While you might think that neurons, layers, and models give us enough abstractions to go about our business, it turns out that we will often want to express our model in terms of a components that are large than an indivudal layer. For example, when designing models, like ResNet-152, which possess hundreds (152, thus the name) of layers, implementing the network one layer at a time can grow tedious. Moreover, this concern is not just hypothetical—such deep networks dominate numerous application areas, especially when training data is abundant. For example the ResNet architecture mentioned above won the 2015 ImageNet and COCO computer vision competitions for both recognition and detection [He et al., 2016a]. Deep networks with many layers arranged into components with various repeating patterns are now ubiquitous in other domains including natural language processing and speech.

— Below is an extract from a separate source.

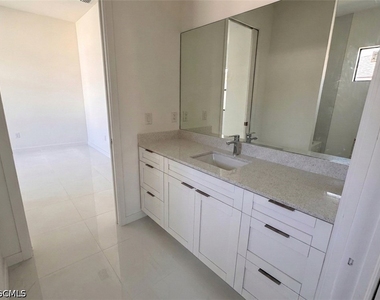 4012 Nw 22nd Terrace - Photo Thumbnail 17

To facilitate the implementation of networks consisting of components of arbitrary complexity, we introduce a new flexible concept: a neural network block. A block could describe a single neuron, a high-dimensional layer, or an arbitrarily-complex component consisting of multiple layers. From a software development, a Block is a class. Any subclass of Block must define a method called forward that transforms its input into output, and must store any necessary parameters. Note that some Blocks do not require any parameters at all! Finally a Block must possess a backward method, for purposes of calculating gradients. Fortunately, due to some behind-the-scenes magic supplied by the autograd autograd package (introduced in Section 2) when defining our own Block typically requires only that we worry about parameters and the forward function.

One benefit of working with the Block abstraction is that they can be combined into larger artifacts, often recursively, e.g., as illustrated in Fig. 5.1.1.

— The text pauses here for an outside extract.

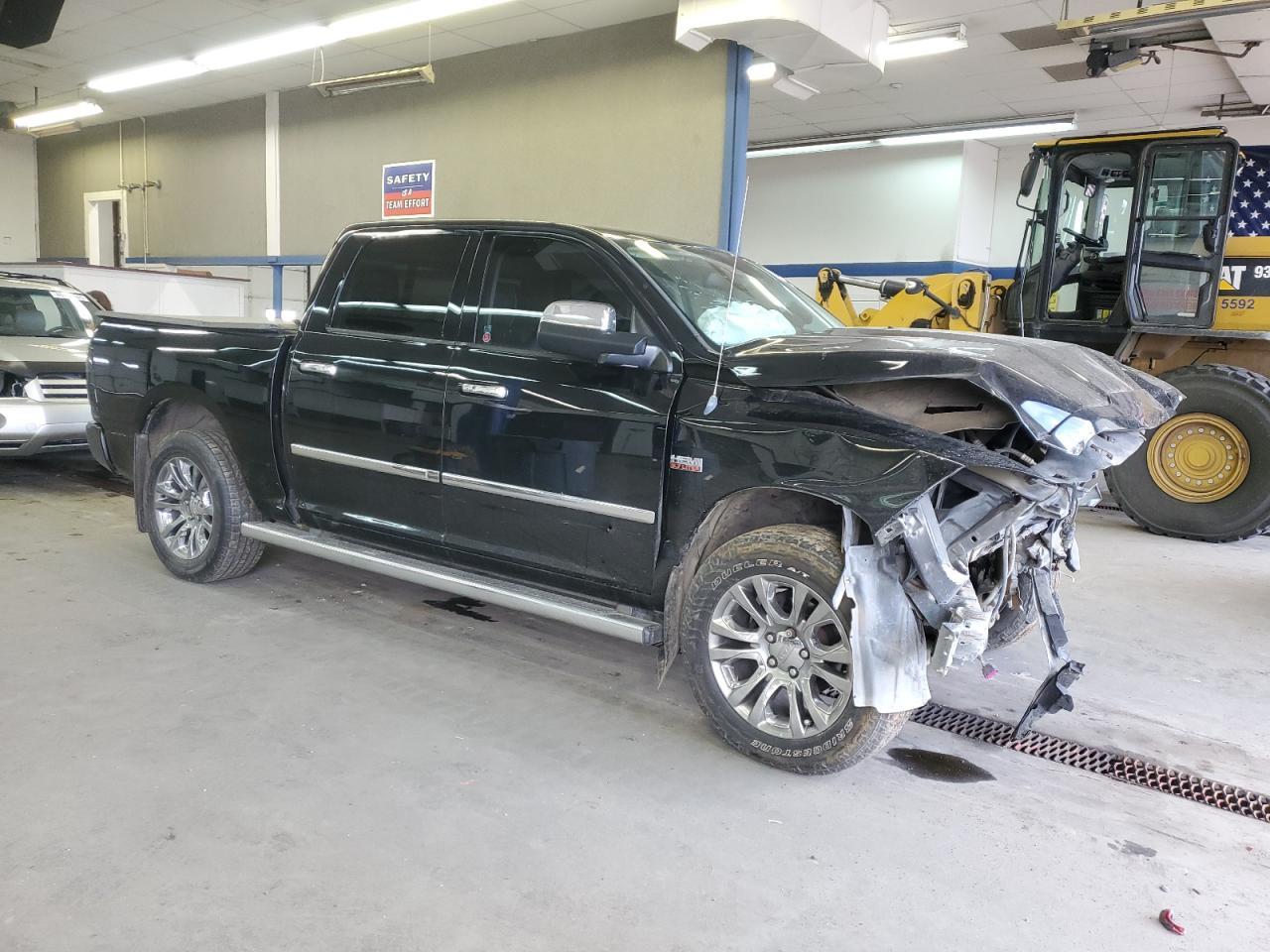 2014 RAM 1500 LONGH - Фото 4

Fig. 5.1.1 Multiple layers are combined into blocks

By defining code to generate Blocks of arbitrary complexity on demand, we can write surprisingly compact code and still implement complex neural networks.

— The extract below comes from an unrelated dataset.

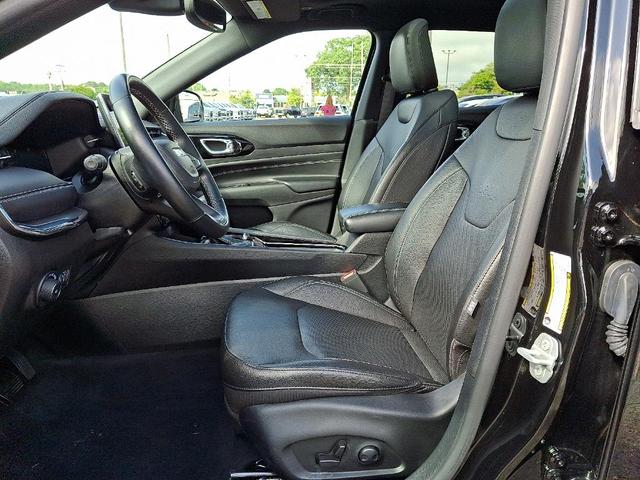 Photo of 2022 Diamond Black Jeep Compass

To begin, we revisit the Blocks that played a role in our implementation of the multilayer perceptron (Section 4.3). The following code generates a network with one fully-connected hidden layer containing 256 units followed by a ReLU activation, and then another fully-connected layer consisting of 10 units (with no activation function). Because there are no more layers, this last 10-unit layer is regarded as the output layer and its outputs are also the model’s output.

from mxnet import np, npx
from mxnet.gluon import nn

x = np.random.uniform(size=(2, 20))

net = nn.Sequential()
net.add(nn.Dense(256, activation='relu'))
array([[ 0.06240272, -0.03268593,  0.02582653,  0.02254182, -0.03728798,
        -0.04253786,  0.00540613, -0.01364186, -0.09915452, -0.02272738],
       [ 0.02816677, -0.03341204,  0.03565666,  0.02506382, -0.04136416,
        -0.04941845,  0.01738528,  0.01081961, -0.09932579, -0.01176298]])

In this example, as in previous chapters, our model consists of an object returned by the nn.Sequential constructor. After instantiating a nn.Sequential and storing the net variable, we repeatedly called its add method, appending layers in the order that they should be executed. We suspect that you might have already understood more or less what was going on here the first time you saw this code. You may even have understood it well enough to modify the code and design your own networks. However, the details regarding what exactly happens inside nn.Sequential have remained mysterious so far.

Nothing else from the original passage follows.